The Mystery Behind The Powerful Quasars Finally Solved By Experts

Earth Sky

Scientists have made a groundbreaking discovery regarding the enigmatic nature of quasars, the brightest and most powerful entities in the Universe.

After decades of speculation, researchers from the Universities of Sheffield and Hertfordshire have unveiled the key behind their ignition: collisions between galaxies.

Quasars, initially detected six decades ago, possess a luminosity equivalent to that of a trillion stars confined within the volume of our Solar System. Unraveling the trigger for such intense activity has long puzzled scientists. However, recent investigations employing deep imaging observations from the Isaac Newton Telescope in La Palma have shed light on the matter. These observations revealed distorted structures in the outer regions of the galaxies that house quasars, signifying the presence of collisions.

Typically, galaxies harbor supermassive black holes at their cores and contain substantial amounts of gas. However, this gas often orbits at considerable distances from the galactic centers, beyond the grasp of the black holes. When galaxies collide, the gas is propelled towards the central black hole. Just before being consumed by the black hole, the gas emits an extraordinary amount of energy in the form of radiation, generating the characteristic brilliance associated with quasars.


The ignition of a quasar exerts profound consequences on the entire galaxy. It expels the remaining gas from the galaxy, impeding the formation of new stars for billions of years to come.

This study marks the first time that a sample of quasars of this magnitude has been imaged with such precision. By comparing observations of 48 quasars and their host galaxies with images of over 100 non-quasar galaxies, researchers have determined that galaxies hosting quasars are approximately three times more likely to be engaged in interactions or collisions with other galaxies.

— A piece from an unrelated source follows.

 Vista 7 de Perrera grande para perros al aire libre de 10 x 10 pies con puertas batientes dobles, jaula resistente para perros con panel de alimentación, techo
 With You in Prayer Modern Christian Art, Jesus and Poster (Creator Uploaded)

The findings, published in the Monthly Notices of the Royal Astronomical Society, represent a significant leap forward in comprehending the triggers and sustenance mechanisms behind these awe-inspiring phenomena.

Professor Clive Tadhunter, from the University of Sheffield’s Department of Physics and Astronomy, said that “Quasars are one of the most extreme phenomena in the Universe, and what we see is likely to represent the future of our own Milky Way galaxy when it collides with the Andromeda galaxy in about five billion years.”

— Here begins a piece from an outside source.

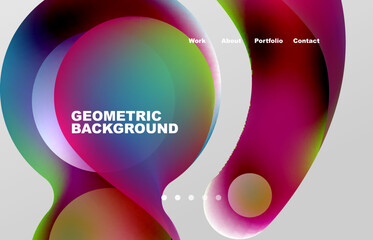 Abstract liquid background for your landing page design. Web page for website or mobile app wallpaper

“It’s exciting to observe these events and finally understand why they occur – but thankfully Earth won’t be anywhere near one of these apocalyptic episodes for quite some time.”

Quasars have also played an important role in astrophysicists because, because of how bright they are, they can be seen even at large distances. This means that they are very much like beacons to the earliest epochs when it comes to the history of the Universe.

Dr Jonny Pierce, a Post-Doctoral Research Fellow at the University of Hertfordshire, spoke about this and said, “It’s an area that scientists around the world are keen to learn more about – one of the main scientific motivations for NASA’s James Webb Space Telescope was to study the earliest galaxies in the Universe, and Webb is capable of detecting light from even the most distant quasars, emitted nearly 13 billion years ago.”

“Quasars play a key role in our understanding of the history of the Universe, and possibly also the future of the Milky Way,” he also added.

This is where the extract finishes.